Although Banro itself is not speculating on actual gold production dates, one can logically assume that if the relevant feasibility studies produce satisfactory results next year, the company could have two gold mines operating and producing in the DRC by 2011.

The company’s four DRC properties – Twangiza, Kamituga, Lugashwa and Namoya – cover a distance of 2 600 km2 along the Twangiza- Namoya Gold Belt, which stretches 210 km from northeast to south-west. Twangiza – the most advanced of the company’s four projects – is located approximately 45 kilometres south-southwest of Bukavu, in South Kivu Province.

Twangiza deposit

Resource drilling on the main
Twangiza deposit in the DRC

Banro is currently working toward completion of a formal pre-feasibility study by the end of 2007. Largely, this will involve the inclusion of a further resource update, pit optimisation and engineering studies, including the incorporation of further metallurgical and geotechnical investigations, as well as baseline environmental studies.

The company reveals in its preliminary assessment of the Twangiza project – prepared with input from a number of independent consultants – that pre-feasibility work will progress directly to a definitive, full feasibility study, with completion targeted for the second half of 2008. During this period, Banro intends to initiate discussions with potential project finance lenders, including both multilateral agencies and commercial banks.

HYDRO-ELECTRIC SOURCE THE BEST
In terms of finance, studies have been undertaken using hydro-electric and diesel power sources for the Twangiza project.
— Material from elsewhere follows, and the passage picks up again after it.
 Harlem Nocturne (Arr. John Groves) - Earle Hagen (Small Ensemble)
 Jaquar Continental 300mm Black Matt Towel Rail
Although capital costs are higher for the hydroelectric alternative, operating costs – especially processing power costs – are significantly lower, and subsequent project economics are better than a diesel-powered generation alternative.

SENET of Johannesburg has produced a cash flow valuation model for the Twangiza project based upon the geological and engineering work completed to date, and incorporating the hydro-electric power source. The financial model also reflects the favourable fiscal aspects of the Mining Convention governing the Twangiza project, which include 100% equity interest and a 10-year tax holiday from the start of production. An administrative tax of 5% for the importation of plant, machinery and consumables has been included in the projected capital and operating costs. The base case was developed using a long-term gold price of US$600 per ounce.

The capital cost for the Twangiza project amounts to almost US$350 million (R2.5 billion). It includes the knowledge gained from preliminary discussions with equipment providers, as well as the experience derived from current projects in Africa. This cost assumes an owner-operated mining fleet, as well as the development of a dedicated hydro-electric facility by Banro.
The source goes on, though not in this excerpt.